CM-Well - the early days
Last year we open-sourced CM-Well, and released the code on github. Doing so involved cleaning up the code, and getting rid off the commit history. Many team members who contributed a lot to the success of the project are not recognized. So, to get it out in the open, I opened the old repo, which has commits up until July last year, and I’m sharing some stats1.
git shortlog -sn --all
$ 2697 Gilad Hoch
1015 yaakov
954 michael
914 israel
739 Israel
720 Vadim.Punski
580 Gilad.Hoch
450 Mark Zitnik
310 Tzofia Shiftan
234 Matan Keidar
222 Mark.Zitnik
170 Eli
125 Yaakov Breuer
102 Michael.Irzh
95 Michael
94 Israel Klein
87 Tzofia.Shiftan
58 Eli Orzitzer
54 Michael Irzh
44 Builder
42 gilad
31 DockerBuilder
22 dudi
14 Dudi
14 Dudi Landau
14 Yoni.Mataraso
10 matan
9 tserver
8 Liorw
5 Liya.Katz
4 israel klein
2 Shachar.Ben-Zeev
2 Yoni Mataraso
2 builder
1 James Howlett
1 Yaakov
These are just the commits in the old repo, not including any new commits in github. I also created visualizations using Gource for the old repo.

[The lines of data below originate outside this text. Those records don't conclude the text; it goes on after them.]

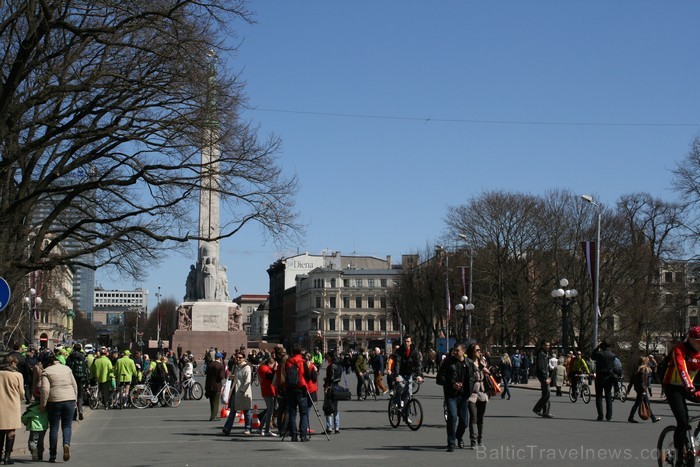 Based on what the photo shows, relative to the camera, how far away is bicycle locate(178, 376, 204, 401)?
37556 mm

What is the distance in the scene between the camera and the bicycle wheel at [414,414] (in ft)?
69.4

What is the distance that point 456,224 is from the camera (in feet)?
241

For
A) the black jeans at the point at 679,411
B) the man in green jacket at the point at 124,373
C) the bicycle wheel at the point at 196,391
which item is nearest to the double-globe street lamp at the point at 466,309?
the bicycle wheel at the point at 196,391

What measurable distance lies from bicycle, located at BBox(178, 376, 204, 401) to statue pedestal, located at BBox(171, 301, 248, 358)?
28930 mm

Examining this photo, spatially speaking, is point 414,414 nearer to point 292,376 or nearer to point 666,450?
point 292,376

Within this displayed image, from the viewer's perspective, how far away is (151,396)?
3203 cm

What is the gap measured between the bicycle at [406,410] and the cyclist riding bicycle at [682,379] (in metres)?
9.17

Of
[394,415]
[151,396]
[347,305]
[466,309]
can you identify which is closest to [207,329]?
[466,309]

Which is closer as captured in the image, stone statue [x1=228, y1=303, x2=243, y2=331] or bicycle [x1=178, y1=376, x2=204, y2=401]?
bicycle [x1=178, y1=376, x2=204, y2=401]

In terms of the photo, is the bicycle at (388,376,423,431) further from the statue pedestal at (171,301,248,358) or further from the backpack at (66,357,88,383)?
the statue pedestal at (171,301,248,358)

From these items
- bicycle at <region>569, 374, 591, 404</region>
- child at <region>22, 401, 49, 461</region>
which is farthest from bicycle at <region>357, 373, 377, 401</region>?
child at <region>22, 401, 49, 461</region>

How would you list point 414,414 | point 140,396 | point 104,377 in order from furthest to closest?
1. point 140,396
2. point 104,377
3. point 414,414

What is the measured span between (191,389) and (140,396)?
5.81m

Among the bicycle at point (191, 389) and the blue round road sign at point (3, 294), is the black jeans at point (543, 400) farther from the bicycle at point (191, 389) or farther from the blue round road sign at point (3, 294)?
the bicycle at point (191, 389) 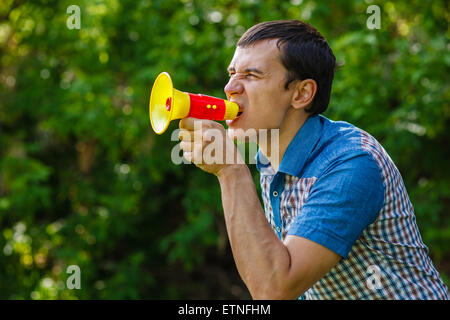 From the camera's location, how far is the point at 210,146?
72.4 inches

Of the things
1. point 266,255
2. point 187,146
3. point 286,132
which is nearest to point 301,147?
point 286,132

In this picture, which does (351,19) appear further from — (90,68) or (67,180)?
(67,180)

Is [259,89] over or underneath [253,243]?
over

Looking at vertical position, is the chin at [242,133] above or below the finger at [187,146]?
above

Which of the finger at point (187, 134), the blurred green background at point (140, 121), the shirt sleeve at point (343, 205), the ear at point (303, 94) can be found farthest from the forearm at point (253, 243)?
the blurred green background at point (140, 121)

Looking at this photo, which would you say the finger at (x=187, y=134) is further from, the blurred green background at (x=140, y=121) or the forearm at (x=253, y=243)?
the blurred green background at (x=140, y=121)

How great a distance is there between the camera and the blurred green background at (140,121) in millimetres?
4402

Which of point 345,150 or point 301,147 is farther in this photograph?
point 301,147

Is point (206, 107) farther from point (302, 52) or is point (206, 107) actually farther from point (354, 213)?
point (354, 213)

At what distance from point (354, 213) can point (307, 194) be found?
261 mm

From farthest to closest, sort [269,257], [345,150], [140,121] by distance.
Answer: [140,121]
[345,150]
[269,257]

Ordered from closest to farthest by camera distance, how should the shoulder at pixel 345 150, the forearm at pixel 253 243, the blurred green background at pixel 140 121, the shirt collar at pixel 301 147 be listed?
the forearm at pixel 253 243 → the shoulder at pixel 345 150 → the shirt collar at pixel 301 147 → the blurred green background at pixel 140 121

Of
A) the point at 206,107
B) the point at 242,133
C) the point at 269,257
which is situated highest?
the point at 206,107

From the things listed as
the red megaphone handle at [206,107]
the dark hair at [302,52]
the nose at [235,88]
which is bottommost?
the red megaphone handle at [206,107] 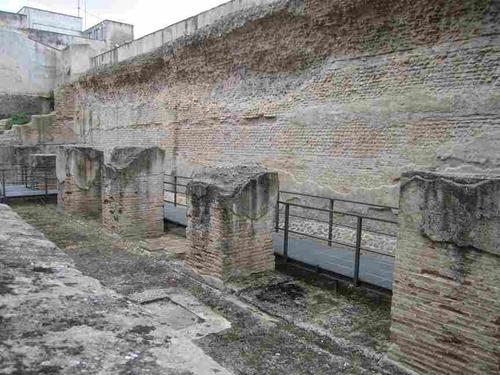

The first has files fading, and focuses on the contributors:
The second version gives an overview of the entire project:
The project is active, and has a lot of work invested in it, as you can see from the videos. But it doesn’t quite show how CM-Well is used internally. So I fetched some random access.log
file from one of the servers, and wrote a little something to convert the log into a logstalgia acceptable format:
https://github.com/hochgi/logstalgia-access-log-converter
I took this opportunity to get to know mill build tool, and some libraries I wanted to experiment with. Long story short, I got 10 minutes of real CM-Well action on a single node (which is part of a cluster that has 20 web servers in it - so you’re only getting 1/20th of the action), and made a visualization using logstalgia with:
logstalgia -f -1280x720 --title "CM-Well access.log visualization" \
$ --screen 2 -p 0.2 -u 1 --background 75715e -x -g "meta,URI=/meta/.*$,10" \
-g "SPARQL,URI=/_sp?.*$,30" -g "_out,URI=/_out?.*$,10" -g "_in,URI=/_in?.*$,10" \
-g "misc,URI=/.*,40" --paddle-mode single --paddle-position 0.75 \
--disable-progress --font-size 25 --glow-duration 0.5 --glow-multiplier 2 \
--glow-intensity 0.25 converted-access.log
And the output:
I gotta say, it came out pretty neat!2
Goodbye
I suck at goodbyes, so let me just say that I really loved working on CM-Well. It is a great project, and I hope to see it thrive. I will keep track of it, and plan to contribute occasionally on my spare time.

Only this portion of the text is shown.